TMS Is an Appropriate Option for Patients Who Have Not Found Success with Antidepressants
Remission from depression is achievable for a sizeable percentage of those who seek treatment for it. Even in cases where first-line treatment options have failed, TMS is a sound alternative with the potential to help many patients reach their recovery goals.
Most people who suffer from depression begin their treatment journey with medication.
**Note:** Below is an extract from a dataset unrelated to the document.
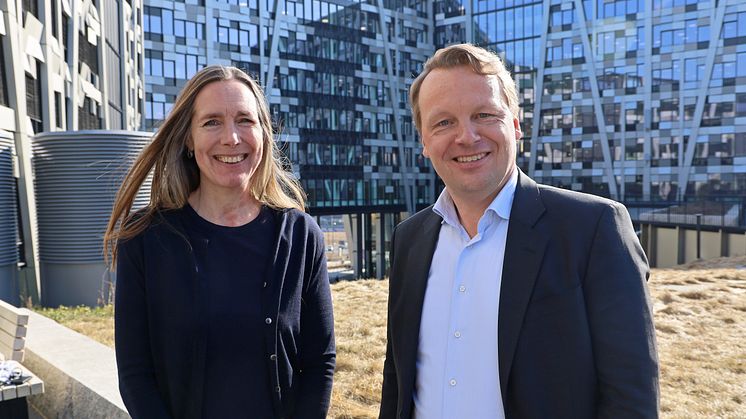 DFØs direktør Hilde Singsaas og direktør for Telias bedriftsmarked Jon Christian Hillestad signerte denne uken den nye avtalen.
Antidepressants like selective serotonin reuptake inhibitors (SSRIs) are the usual jumping off point, sometimes in conjunction with a regimen of psychotherapy. For some patients, this does the trick, but for many others, the initial use of psychopharmaceutical therapy is just the first step in a longer therapeutic process of trial, error, and discovery. In 2006, the National Institute of Mental Health published the results of a massive study examining which depression treatment options were most effective for the largest number of people. The results were enlightening for anyone who is interested in the way that depression is treated in America.
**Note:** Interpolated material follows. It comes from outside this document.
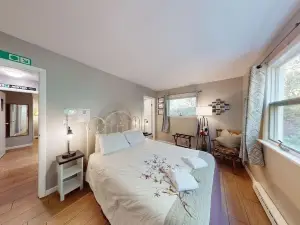 Silver Spring Chalet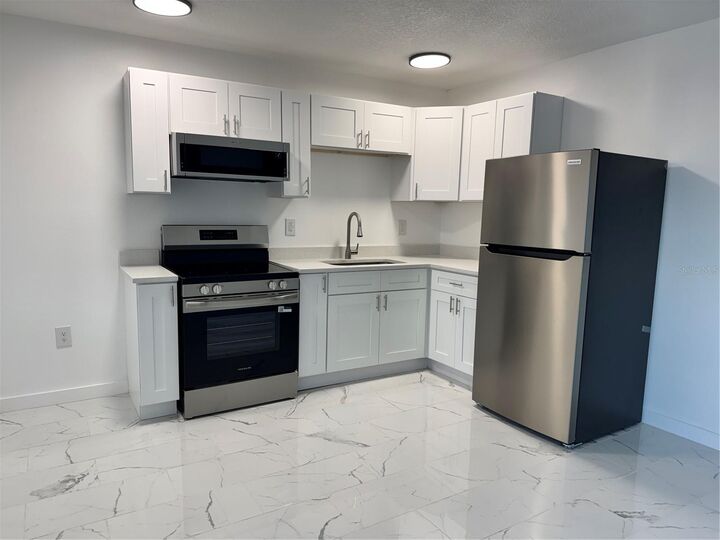 Property Photo:  56 B Street 2  FL 33708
The study was titled Sequenced Treatment Alternatives to Relieve Depression (STAR*D), and it particularly sought to determine the effectiveness of depression medication treatments. Participants in the STAR*D study self-rated the severity and alleviation, if any, of their depression symptoms. Successful treatment, according to this study, was assessed as total remission of depression symptoms. If a patient’s depression did not go into remission upon initial treatment (using a single, common antidepressant), they continued to the next treatment level until their depression was sufficiently treated or they withdrew from the study altogether. A common reason participants withdrew from the study was the intolerable side effects of the depression medications prescribed in the later treatment levels.